Let's set up a simple axisymmetric model with the following parameters:
rinner = 0.002;
len = 0.1;
(* No gradients in the z-direction so make len small for now *)
len = rinner/5;
tend = 200;
Deff = 8*10^-9;
(* Porosity *)
epsilon = 0.5;
We will create an operator, initialize the domain to a concentration of 1, impart a DirichletCondition of 0 on the outer wall (named rinner for now), and create a couple of visualizations.
(* Set up the operator *)
op = TimeMassTransportModelAxisymmetric[c[t, r, z], t, {r, z}, Deff,
"NoFlow", "NoReaction", epsilon];
(* Create Domain *)
Ω2Daxi = Rectangle[{0, 0}, {rinner, len}];
(* Setup Boundary and Initial Conditions *)
Subscript[Γ, wall] =
DirichletCondition[c[t, r, z] == 0, r == rinner];
ic = c[0, r, z] == 1;
(* Solve PDE *)
cfun = NDSolveValue[{op == 0, Subscript[Γ, wall], ic},
c, {t, 0, tend}, {r, z} ∈ Ω2Daxi];
(* Setup ContourPlot Visualiztion *)
cRange = MinMax[cfun["ValuesOnGrid"]];
legendBar =
BarLegend[{"TemperatureMap", cRange(*{0,1}*)}, 10,
LegendLabel ->
Style["[!(*FractionBox[(mol), SuperscriptBox[(m),
(3)]])]", Opacity[0.6`]]];
options = {PlotRange -> cRange,
ColorFunction -> ColorData[{"TemperatureMap", cRange}],
ContourStyle -> Opacity[0.1`], ColorFunctionScaling -> False,
Contours -> 30, PlotPoints -> 100, FrameLabel -> {"r", "z"},
PlotLabel -> Style["Concentration Field: c(t,r,z)", 18],
AspectRatio -> 1, ImageSize -> 250};
nframes = 30;
frames = Table[
Legended[
ContourPlot[cfun[t, r, z], {r, z} ∈ Ω2Daxi,
Evaluate[options]], legendBar], {t, 0, tend, tend/nframes}];
frames = Rasterize[#1, "Image", ImageResolution -> 100] & /@ frames;
ListAnimate[frames, SaveDefinitions -> True, ControlPlacement -> Top]

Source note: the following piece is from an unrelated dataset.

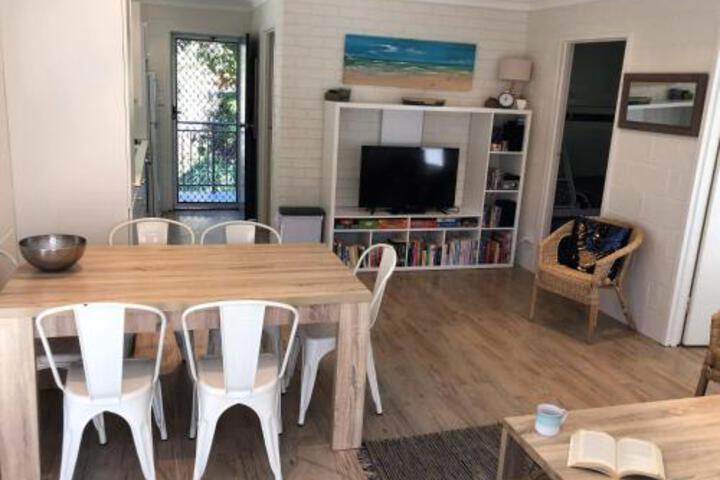 Booti Booti NSW Accommodation Redcliffe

(* Setup Fake 3D Visualization *)
nframes = 40;
axisymPlot =
Function[{t},
Legended[
RegionPlot3D[
x^2 + y^2 <= (rinner)^2 &&
0 <= PlanarAngle[{0, 0} -> {{rinner, 0}, {x, y}}] <= (4 π)/
3, {x, -rinner, rinner}, {y, -rinner, rinner}, {z, 0, len},
PerformanceGoal -> "Quality", PlotPoints -> 50,
PlotLegends -> None, PlotTheme -> "Detailed", Mesh -> None,
AxesLabel -> {x, y, z}, ColorFunctionScaling -> False,
ColorFunction ->
Function[{x, y, z},
Which[x^2 + y^2 >= (rinner)^2, Blue, True,
ColorData[{"TemperatureMap", cRange}][
cfun[t, Sqrt[x^2 + y^2], z]]]], ImageSize -> Medium,
PlotLabel ->
Style[StringTemplate["Concentration Field at t = `` [s]"][
ToString@PaddedForm[t, {3, 4}]], 12]], legendBar]];
framesaxi = Table[axisymPlot[t], {t, 0, tend, tend/nframes}];
framesaxi =
Rasterize[#1, "Image", ImageResolution -> 100] & /@ framesaxi;
ListAnimate[framesaxi, SaveDefinitions -> True,
ControlPlacement -> Top]
The system responds in about 200 s, indicating that 10,000 s end time may be excessive for a small diameter system.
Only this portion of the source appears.